A senior law enforcement official told CNN:

The FBI repeatedly stressed to DNC officials the necessity of obtaining direct access to servers and data, only to be rebuffed until well after the initial compromise had been mitigated...These actions caused significant delays and inhibited the FBI from addressing the intrusion earlier.

The FBI therefore had to rely on an assessment from CrowdStrike instead, who were hired by the DNC to investigate the cyber attacks.

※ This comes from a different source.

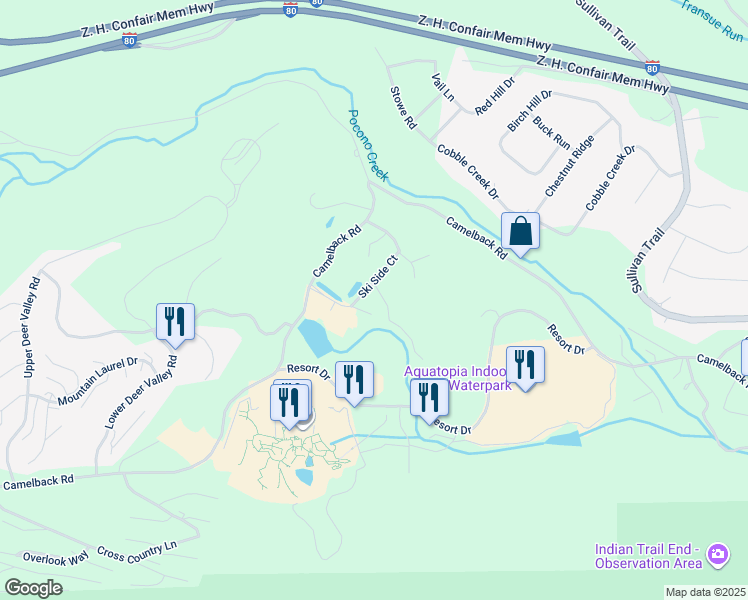map of restaurants, bars, coffee shops, grocery stores, and more near 5 Ski Side Court in Tannersville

==U.S. legislative response==
Members of the U.S. Senate Intelligence Committee traveled to Ukraine and Poland in 2016 and learned about Russian operations to influence their affairs. U.S. Senator Angus King told the Portland Press Herald that tactics used by Russia during the 2016 U.S. election were analogous to those used against other countries. On November 30, 2016, King joined a letter in which seven members of the U.S. Senate Intelligence Committee asked President Obama to publicize more information from the intelligence community on Russia's role in the U.S. election. In an interview with CNN, King warned against ignoring the problem, saying it was a bipartisan issue.

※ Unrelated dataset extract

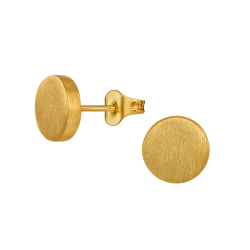 Traveller Stud Earrings - Stainless Steel - Gold Plated - Matt - Round - 8mm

Representatives in the U.S. Congress took action to monitor the National security of the United States by advancing legislation to monitor propaganda. On November 30, 2016, legislators approved a measure within the National Defense Authorization Act to ask the U.S. State Department to act against propaganda with an inter-agency panel. The legislation authorized funding of $160 million over a two-year-period. The initiative was developed through a bipartisan bill, the Countering Foreign Propaganda and Disinformation Act, written by U.S. Senators Rob Portman (Republican) and Chris Murphy (Democrat). Portman urged more U.S. government action to counter propaganda. Murphy said after the election it was apparent the U.S. needed additional tactics to fight Russian propaganda. U.S. Senate Intelligence Committee member Ron Wyden said frustration over covert Russian propaganda was bipartisan.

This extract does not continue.